Bernardo Rossi, amigo de Flávio Bolsonaro, também é alvo da PF em operação que mira corrupção no governo Castro

Bernardo Rossi, amigo de Flávio Bolsonaro, também é alvo da PF em operação que mira corrupção no governo Castro
Flávio Bolsonaro, Bernardo Rossi e Jair Bolsonaro - Foto: Reprodução/Instagram

O ex-governador Cláudio Castro (PL) não foi o único nome ligado ao bolsonarismo atingido pela segunda fase da Operação Sem Refino, deflagrada pela Polícia Federal (PF) nesta sexta-feira (14). Entre os sete alvos de busca e apreensão está Bernardo Rossi, ex-secretário estadual de Ambiente e Sustentabilidade e aliado político do grupo que comanda o governo fluminense.
Rossi mantém uma relação política antiga com Flávio Bolsonaro (PL). Os dois foram deputados estaduais simultaneamente na Assembleia Legislativa do Rio de Janeiro (Alerj) e chegaram a assinar projetos em conjunto. O ex-secretário recorrentemente manifesta proximidade nas redes sociais apoio aberto à candidatura presidencial do filho de Jair Bolsonaro.
Em publicação no Instagram neste ano, Rossi apareceu ao lado de Flávio Bolsonaro. Em outra postagem relacionada à sua saída da Secretaria de Ambiente para disputar as eleições, uma das mensagens divulgadas em seu perfil apontava “Flávio Bolsonaro presidente”.
Rossi também esteve com Jair Bolsonaro
A proximidade com o clã Bolsonaro também envolve o ex-presidente. Em março de 2025, Rossi acompanhou Cláudio Castro em um café da manhã com Jair Bolsonaro, em Angra dos Reis.

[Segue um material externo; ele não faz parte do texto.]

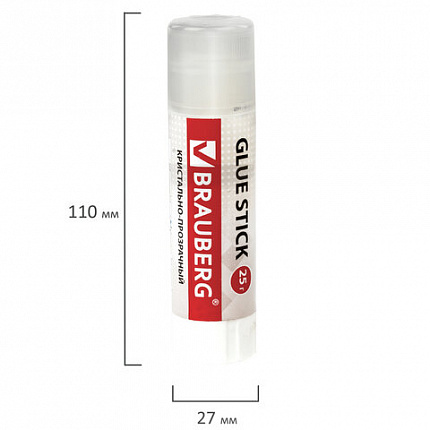 Клей-карандаш BRAUBERG "Crystal", 25 г, прозрачный, 227968, PVP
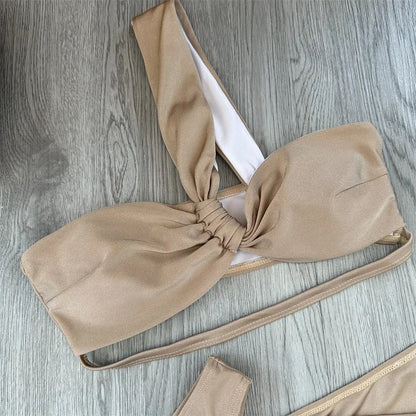 Bikini Women Swimsuits 2025 Female Swimwear Beachwear Swimming Suit Bathing Suit Bikini Set One Shoulder Biquini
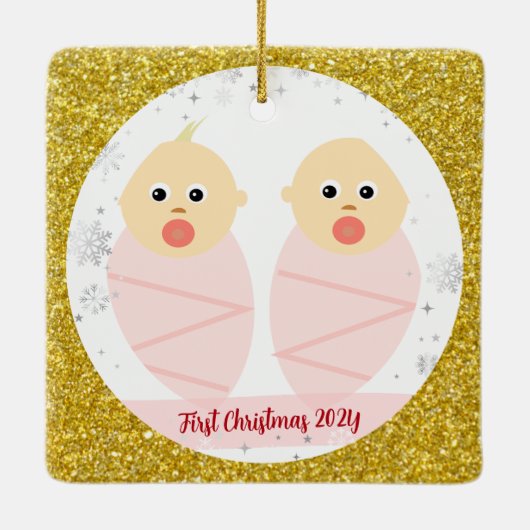Tweeling Baby Meisjes 1e Kerstmis Als Grootouders  Keramisch Ornament (Achterkant)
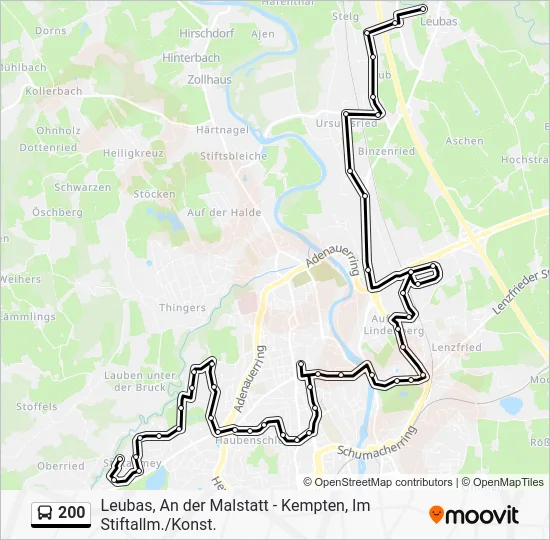 Автобус 200: карта маршрута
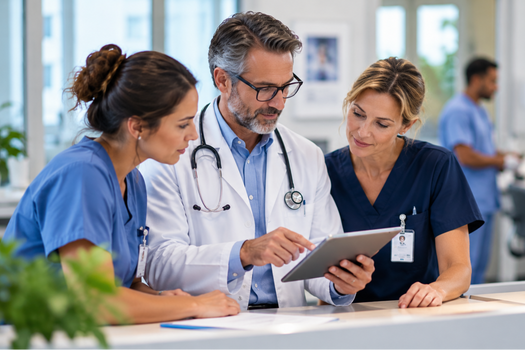 Healthcare professionals collaborating in a medical practice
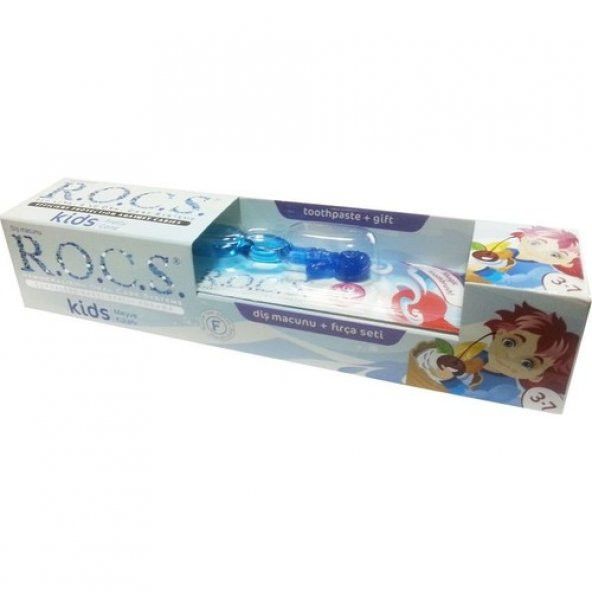 Rocs Kids 3 - 7 Yaş Çocuklar için Florürsüz Diş Macunu Ve Fırça Seti - Mavi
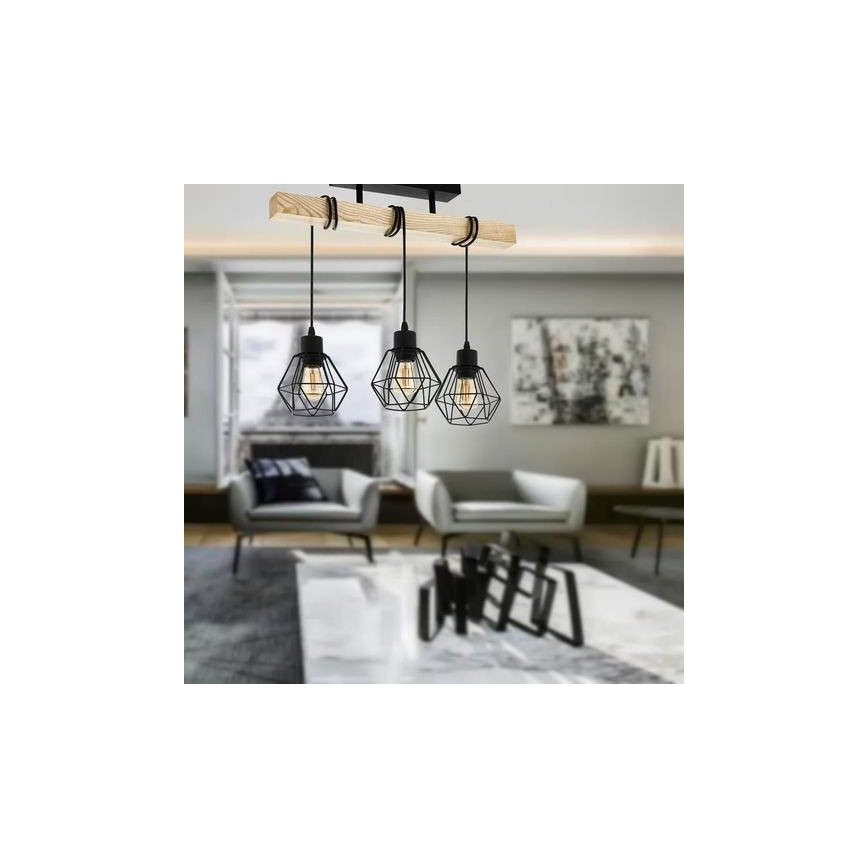 Eglo - Lampadario a plafone TOWNSHEND 3xE27/60W/230V pino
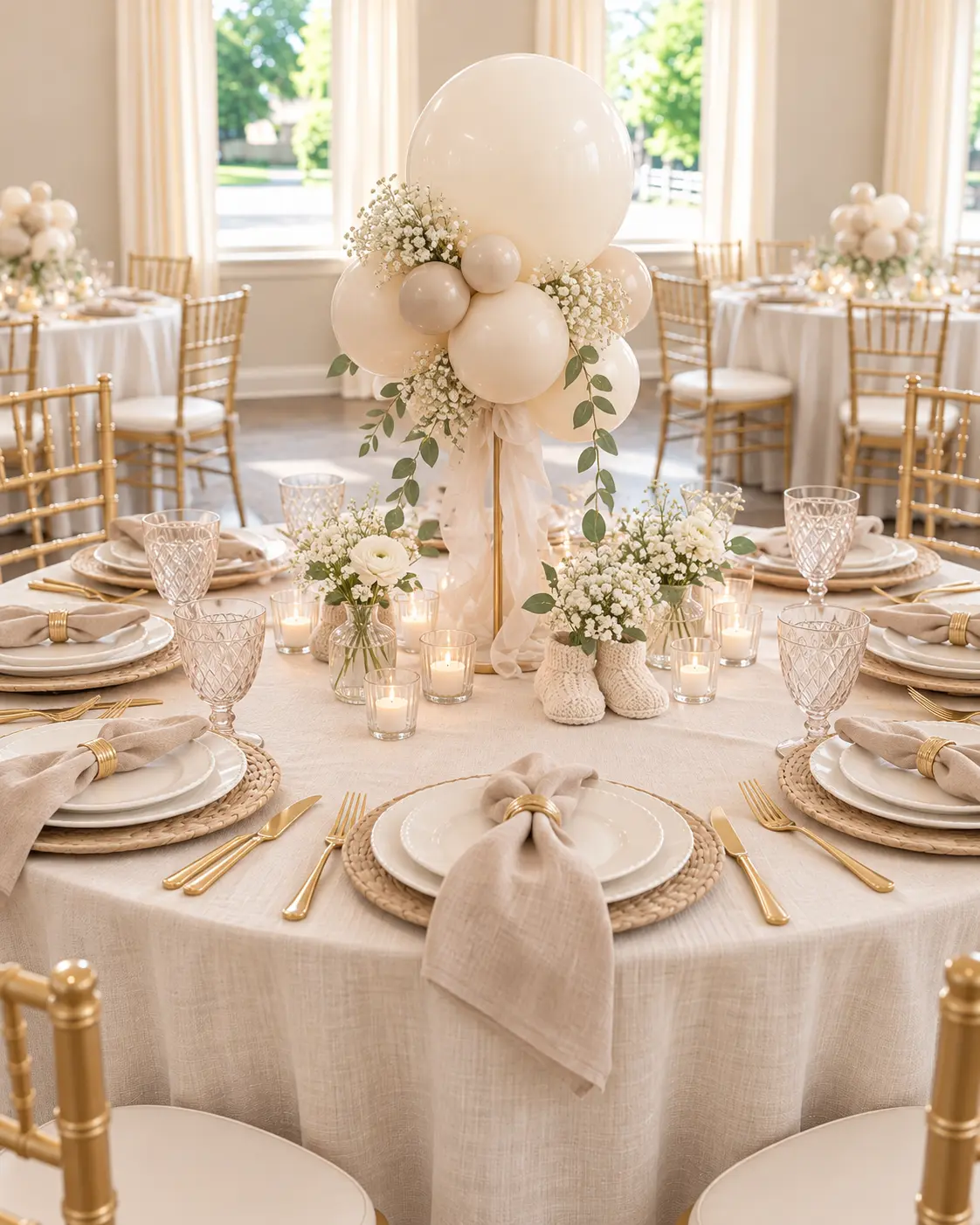 A Little Wonder gender-neutral baby shower table with soft beige linens and balloons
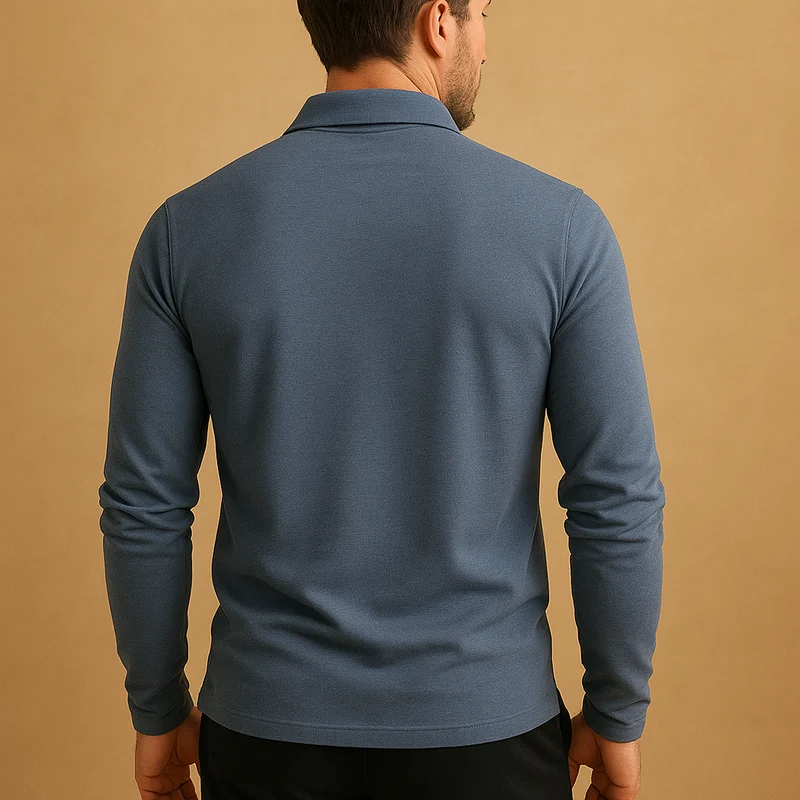 Poloshirt Herren | Langarm-Komfort & gepflegter Kragen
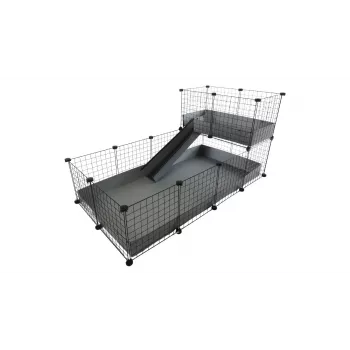 C&C Modular Cage 4x2 su Loft 2x1 ir Pilku Rampu – C&C modulinis narvas jūrų kiaulytėms, 145×75×75 cm, 10 kg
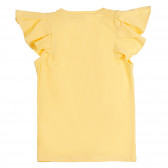 Tricou din bumbac cu inscripție, de culoare galbenă Chicco 263539 4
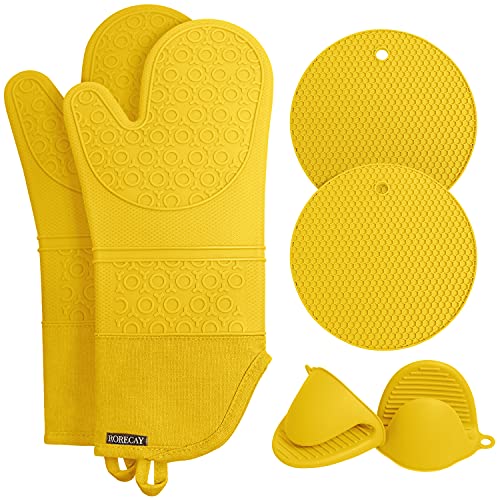 Heat Resistant Silicone Oven Mittens with Mini Oven Gloves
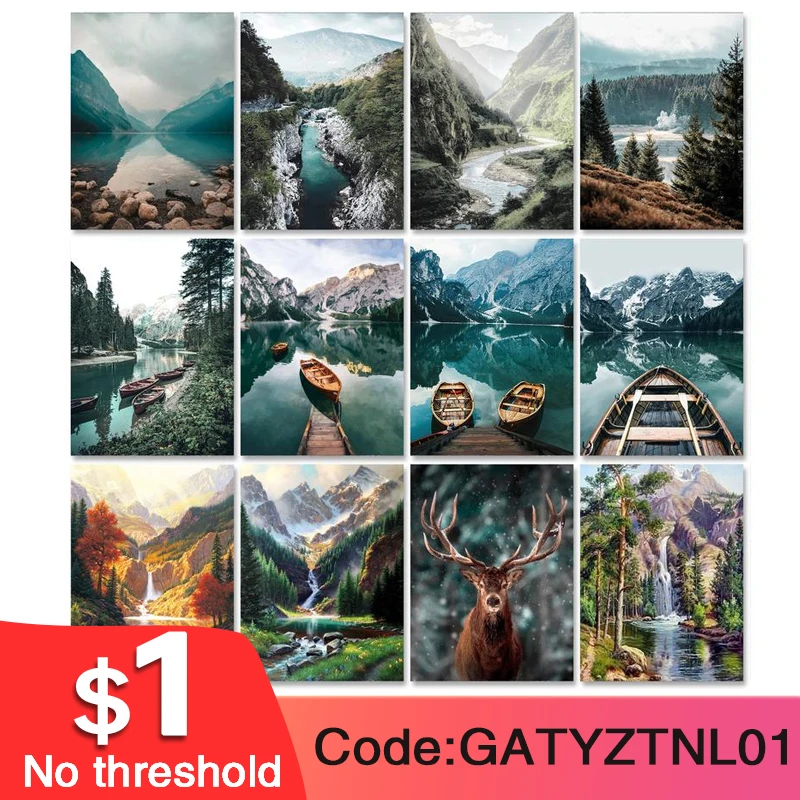 

Gatyztory Frame DIY Painting By Numbers River Tree Landscape Canvas By Numbers Wall Art Picture Acrylic Paint Crafts Kit 60x75cm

Castro divulgou uma fotografia ao lado de Bolsonaro e Rossi e chamou o ex-presidente de “nosso líder no PL”. “Reafirmei nosso compromisso com os valores que defendemos”, escreveu o então governador na ocasião.
O encontro ocorreu em meio às articulações do grupo bolsonarista para as eleições no Rio de Janeiro. Naquele momento, o PL concentrava seus planos sobretudo nas disputas pelo Senado e na manutenção da influência do clã Bolsonaro sobre a política fluminense.
Secretaria comandada por Rossi entra no foco da PF
A passagem de Bernardo Rossi pela Secretaria estadual de Ambiente e Sustentabilidade ganha relevância na operação desta sexta porque a nova fase da investigação mira justamente suspeitas envolvendo a concessão de licenças ambientais.
Segundo a Polícia Federal, os investigadores apuram possíveis fraudes na concessão de licenças para uma refinaria, que teriam ocorrido contrariando orientações de órgãos técnicos competentes, além de suspeitas de lavagem de dinheiro.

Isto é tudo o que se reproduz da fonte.